What parents need to know
Parents need to know that Wind River is a very violent crime/murder story set on a Native American reservation in Wyoming. There's a brutal rape scene, plus fighting, beating, and bludgeoning, lots of guns/shooting, gory dead bodies, and plenty of blood. A wolf is also shot and killed. Language is very strong in certain scenes, with many uses of "f--k," "s--t," "a--hole," and more. Secondary characters are shown dangerously, abusively drunk in one scene, and some characters smoke cigarettes. In one scene, a man and a woman kiss passionately and lie in bed together; sex is implied and mentioned. A few characters are scantily clad, but no actual nudity is shown. While some may raise eyebrows at a Native American story being told with white main characters (including Jeremy Renner and Elizabeth Olsen), the movie does make a point of sending a message about the shameful fact that -- unlike women in any other culture -- Native American women who go missing aren't tracked or counted. The movie marks the directorial debut of Taylor Sheridan, who wrote Sicario and Hell or High Water, and it's another smart, solid, but very mature story.
- Parents say
- Kids say
What's the story?
In WIND RIVER, Cory Lambert (Jeremy Renner) works in the freezing mountains of Wyoming as a tracker and hunter, stopping wild animals from killing livestock. On a nearby Native American reservation, he discovers the body of a teen girl.
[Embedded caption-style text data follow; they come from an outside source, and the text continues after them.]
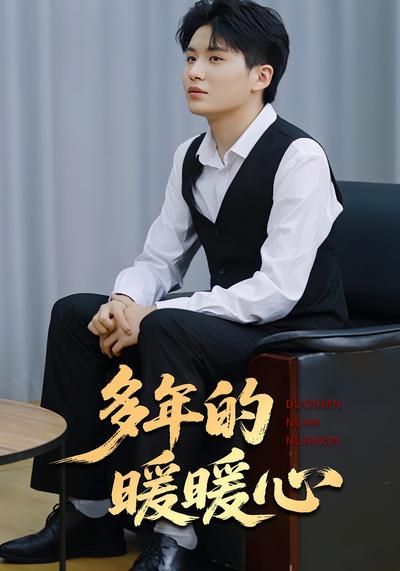 多年的暖暖心封面图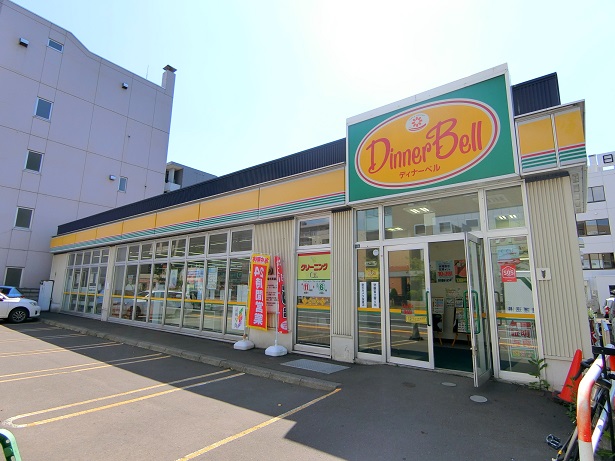 スーパー　ディナーベル北大前店（スーパー）まで634m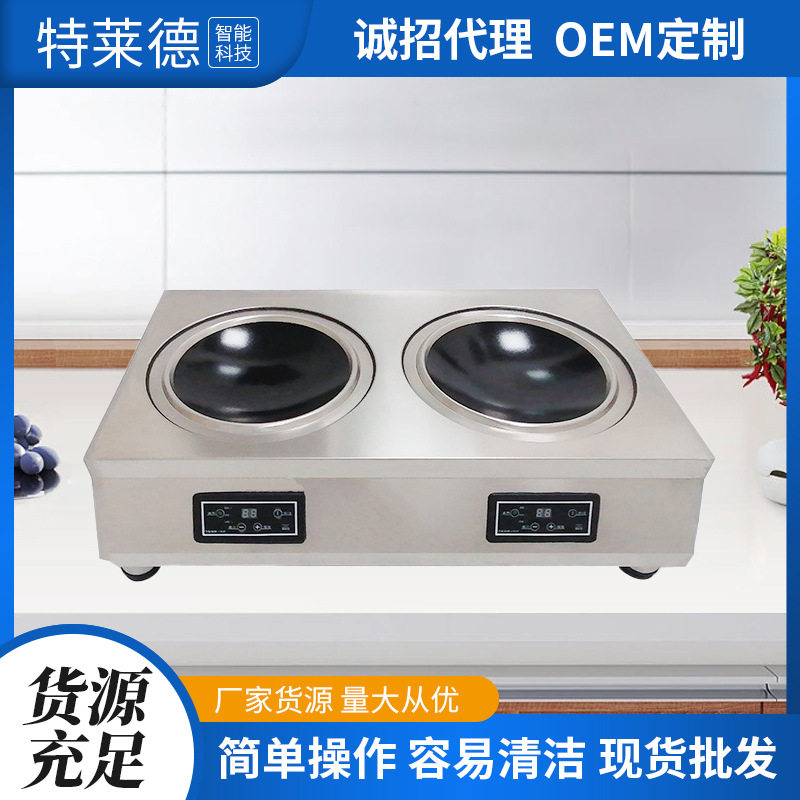 厂家批发台式平凹面电陶煲仔双头炉大功率电磁炉家用厨房商用炉灶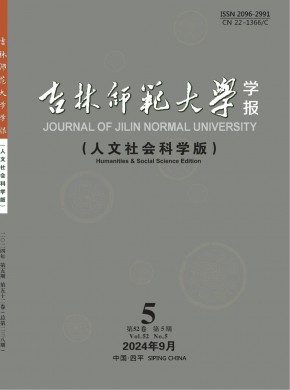 吉林師范大學(xué)學(xué)報(bào)·人文社會(huì)科學(xué)版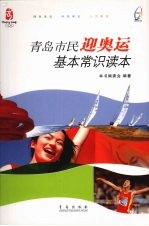 青岛市民迎奥运基本常识读本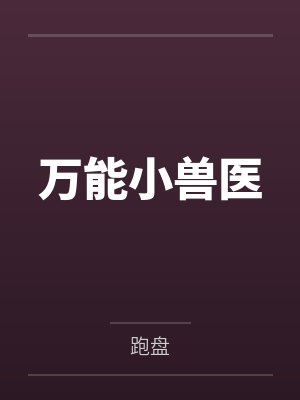 万能小兽医笔趣阁无弹窗封面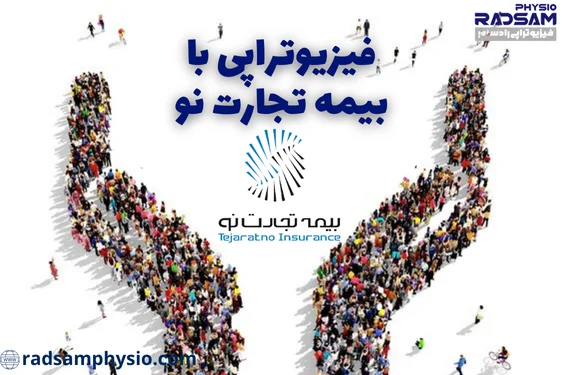 فیزیوتراپی با بیمه تجارت نو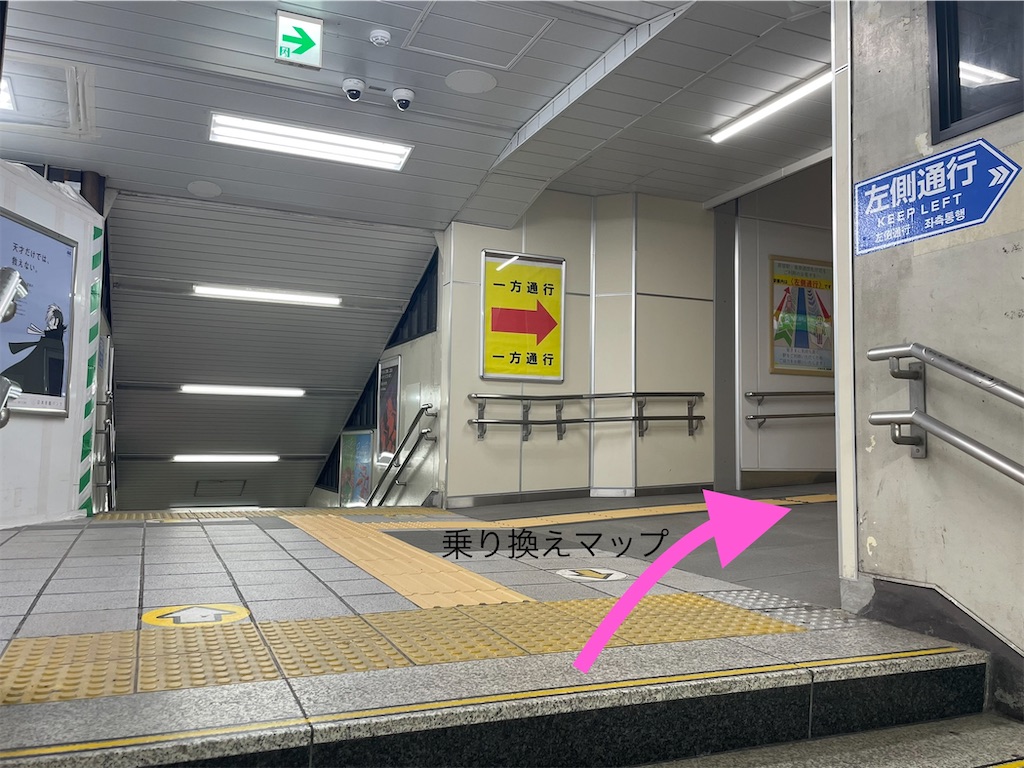 f:id:sato500:20220325164253j:plain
An FBI agent, Jane Banner (Elizabeth Olsen), is called in, and it's determined that the girl was raped and then tried to run, barefoot, across the freezing snow. Working with the local sheriff, Ben (Graham Greene), Lambert and Banner try to figure out what happened. At first, events point toward the girl's boyfriend, but things aren't as they seem. At the same time, Lambert deals with the loss of his own daughter, and his relationship with his Native American ex-wife and their young son, as well as his friendship with the dead girl's father, Martin (Gil Birmingham).
Is it any good?
Actor-turned-screenwriter Taylor Sheridan makes his directorial debut with this smart, solid crime movie that, while not without its flaws, makes excellent use of open spaces and haunting quiet. Sheridan wrote two of cinema's sharpest recent crime stories, Sicario and Hell or High Water; he now adds Wind River to that list. All three films are set in lawless communities, like modern-day Westerns; this one uses its snowbound Wyoming passages to suggest that, if the characters go poking near danger, no one is coming to the rescue. A haunting score by Nick Cave and Warren Ellis helps set the tone.
The characters' restrained, stoic nature can make Wind River feel like it has skipped over certain details, simply because some things aren't discussed, but it's easy to forgive a movie that favors mood over chatty dialogue. Wind River gets into controversial territory by telling a Native American story with two white leads, but at least it's a well-told, intelligent, and respectful story, and the characters are interesting in and of themselves. They don't feel obligatory. And, as with his last two movies, Sheridan has something to say about the world here -- and he says it with compassion and without preaching.
Talk to your kids about ...
Did watching this movie raise any questions of representation for you? Is it appropriate to tell this story with white lead characters? Why or why not?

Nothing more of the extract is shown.